Roberto Rodrigues de Menezes.

Roberto Rodrigues de Menezes



quarta-feira, 1 de maio de 2013

ADUBO PORTUGUÊS..



O ano é 1934. Dom Tancredo, o Lavrador, Presidente da Junta Corporativa dos Sindicatos Reunidos do Alentejo, região de Portugal, faz petição ao Ministro da Agricultura, pedindo adubo. Não aquele adubo químico ou inventado que se usa hoje, mas adubo mesmo, feito de excrementos de animais, para fertilizar as terras fracas da província. Governava Portugal o ditador Oliveira Salasar, que dirigiu os destinos da lusitana nação de 1932 a 1968. O texto, porém, mostra que o ditador não era tão ditador assim, pois se o fosse, a carta não seria escrita com tanta ênfase e folga. Imaginem a Yoani Sanchez se dirigindo a Fidel nesses termos. Iria no mínimo para o paredon. Não foi o que aconteceu com Dom Tancredo. O interessante da petição é que ela foi feita em verso. E Dom Tancredo tinha, na verdade, bom conhecimento da métrica e da rima. Vejamos;

Ao Excelentíssimo Senhor Ministro da Agricultura.
PETIÇÃO:

Senhor, em vão esta província inteira
desmoita, lavra, atalha a sementeira,
suando até a fralda da camisa.

Falta a matéria orgânica precisa
na terra, que é delgada e sempre fraca.
A matéria em questão chama-se cáca.

Precisamos de merda, Senhor Soisa,
e nunca precisamos de outra coisa.

Se os membros desse ilustre Ministério
querem tomar o nosso caso a sério,
se é nobre o sentimento que os anima,
mandem cagar-nos toda gente em cima
dos maninhos torrões de cada herdade.
E mijem-nos também, por caridade.

O Senhor Oliveira Salasar,
quando tiver vontade de cagar,
venha até nós, solícito, calado,
busque um terreno que estiver lavrado,
e como Presidente do Conselho,
queira espremer-se até ficar vermelho.

A nação confiou-lhe os seus destinos;
então comprima, aperte os intestinos.
Se lhe escapar um traque , não se importe.
Quem sabe, se o cheirá-lo, nos dá sorte.

Quantos porão as suas esperanças
num traque do Ministro das Finanças?
E quem viver afeito, sem recursos,
já não distingue os traques dos discursos.

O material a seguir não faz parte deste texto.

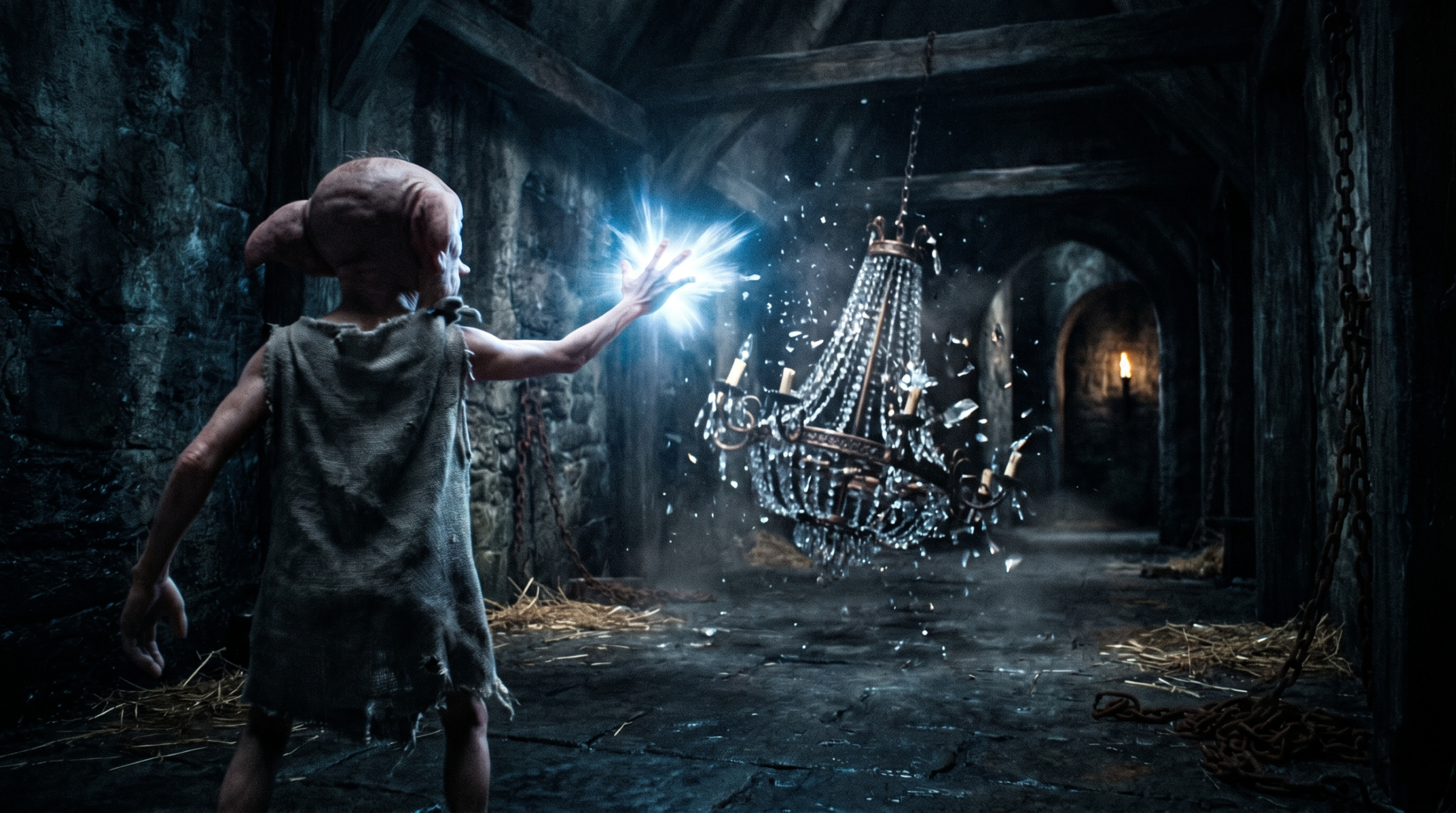 Dobby using non-wand magic to drop a chandelier to save his friends at Malfoy Manor.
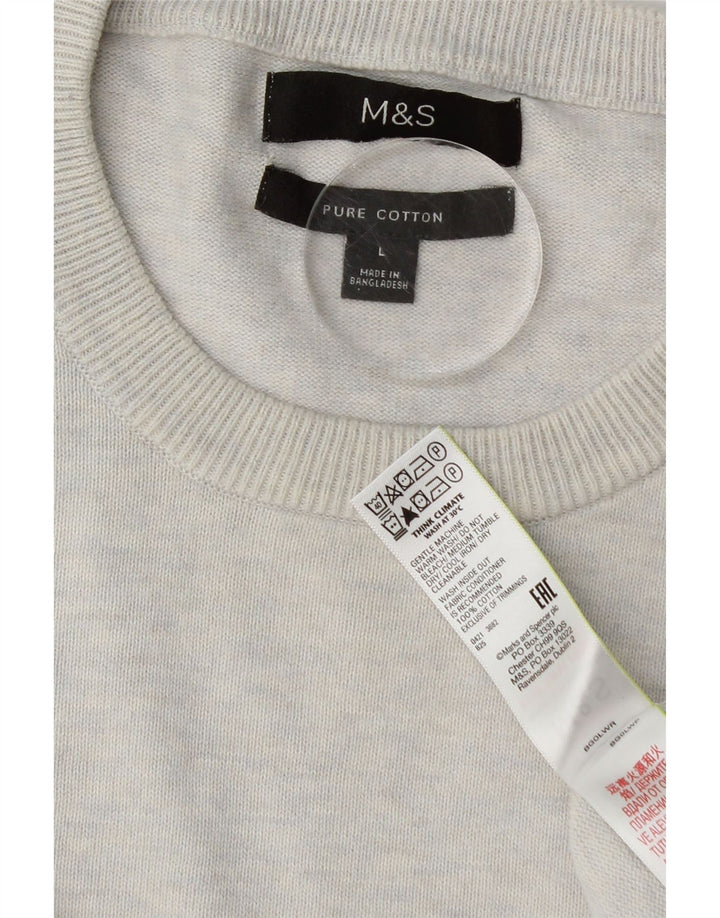 Marks & Spencer Ανδρικό πουλόβερ με λαιμόκοψη, μεγάλο γκρι βαμβακερό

Não precisa falar, tenha certeza 
que a nossa maior fonte de riqueza,
desde as grandes herdades às courelas,
provém da merda que juntarmos nelas.

Precisamos de merda, Senhor Soisa,
e nunca precisamos de outra coisa.

Adubos de potassa, cal, azote°...
Tragam-nos merda pura de bispote.
E todos os penicos portugueses,
durante, pelo menos, uns seis meses,
sobre o montado, sobre a terra campa,
continuamente nos despejem a trampa.

Terras alentejanas, terras nuas,
desespero de arados e charruas.
Quem as compra ou arrenda, ou quem as herda,
sente a paixão nostálgica da merda.

Precisamos de adubo, Senhor Soisa,
e nunca precisamos de outra coisa.

Ah, merda grossa e fina, merda boa,
das inúteis retretas de Lisboa.
Como é triste saber que todos vós
andais cagando sem pensar em nós!

Se querem fomentar a agricultura,
mandem vir muita gente com soltura.
Nós daremos o trigo em larga escala,
pois até nos faz conta a merda rala.

Venham todas as merdas, à vontade,
não faremos questão da qualidade.
Formas normais ou formas esquisitas.
E desde o cagalhão às caganitas.
Desde a pequena pôia à grande bosta,
de tudo que vier a gente gosta.

Precisamos de merda, Senhor Soisa,
e nunca precisamos de outra coisa.

Évora, 18 de Fevereiro de 1934.
Pela Junta Corporativa dos Sindicatos Reunidos do Norte, Centro e Sul do Alentejo.
O Presidente,
Dom Tancredo, o Lavrador.

(Este documento, escrito à mão com caligrafia quase perfeita e bela, encontra-se no museu do Alentejo, com a ortografia daquela época. Passei-a para o vernáculo atual, para comodidade de meus seletos leitores).